[Assignment]: Retype each record below word for word. Leave the pictures out.
Data supplied Block Start
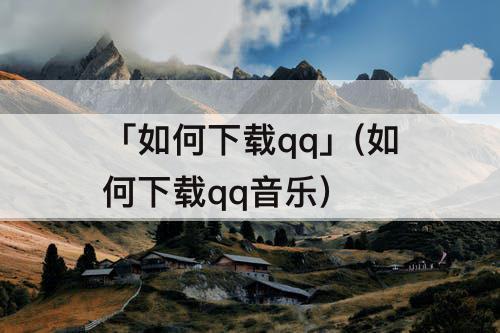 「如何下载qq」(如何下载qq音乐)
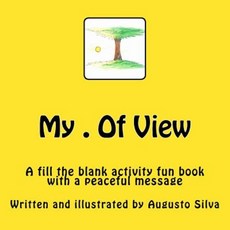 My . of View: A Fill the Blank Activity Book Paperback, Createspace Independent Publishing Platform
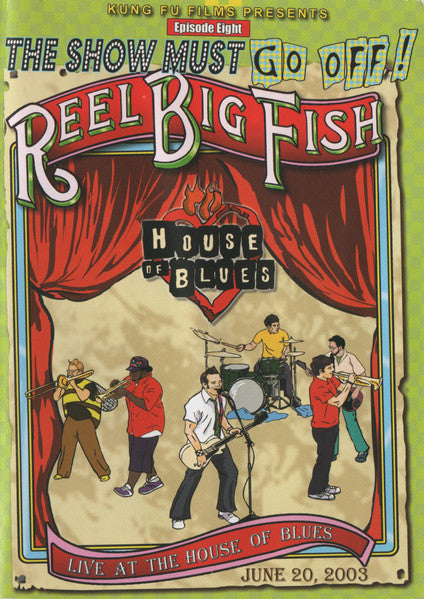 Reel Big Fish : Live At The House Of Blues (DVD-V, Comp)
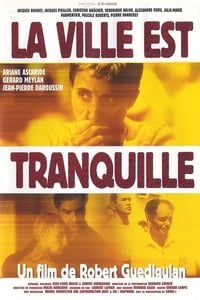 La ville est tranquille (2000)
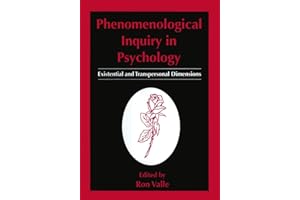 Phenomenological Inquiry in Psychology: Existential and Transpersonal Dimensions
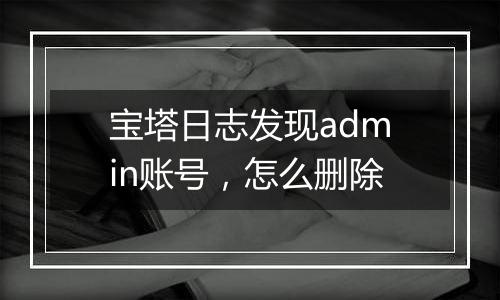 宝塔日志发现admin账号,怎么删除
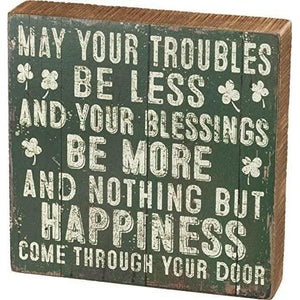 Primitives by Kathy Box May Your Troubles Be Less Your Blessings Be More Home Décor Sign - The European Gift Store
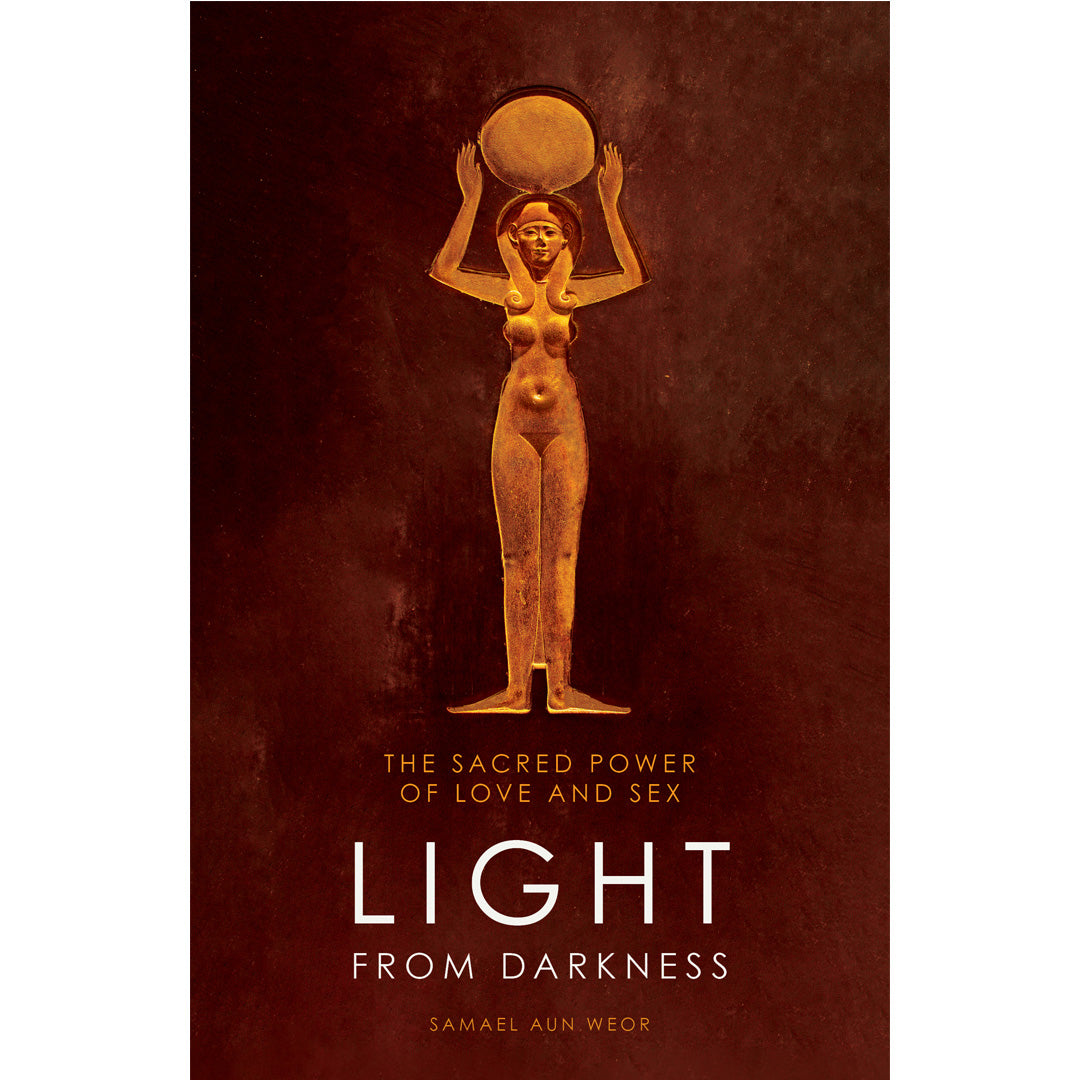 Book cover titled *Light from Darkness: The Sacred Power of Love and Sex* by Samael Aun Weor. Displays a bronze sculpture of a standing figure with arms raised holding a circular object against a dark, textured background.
Data supplied Block End
[Response to this task]:
 「如何下载qq」(如何下载qq音乐)
 My . of View: A Fill the Blank Activity Book Paperback, Createspace Independent Publishing Platform
 Reel Big Fish : Live At The House Of Blues (DVD-V, Comp)
 La ville est tranquille (2000)
 Phenomenological Inquiry in Psychology: Existential and Transpersonal Dimensions
 宝塔日志发现admin账号,怎么删除
 Primitives by Kathy Box May Your Troubles Be Less Your Blessings Be More Home Décor Sign - The European Gift Store
 Book cover titled *Light from Darkness: The Sacred Power of Love and Sex* by Samael Aun Weor. Displays a bronze sculpture of a standing figure with arms raised holding a circular object against a dark, textured background.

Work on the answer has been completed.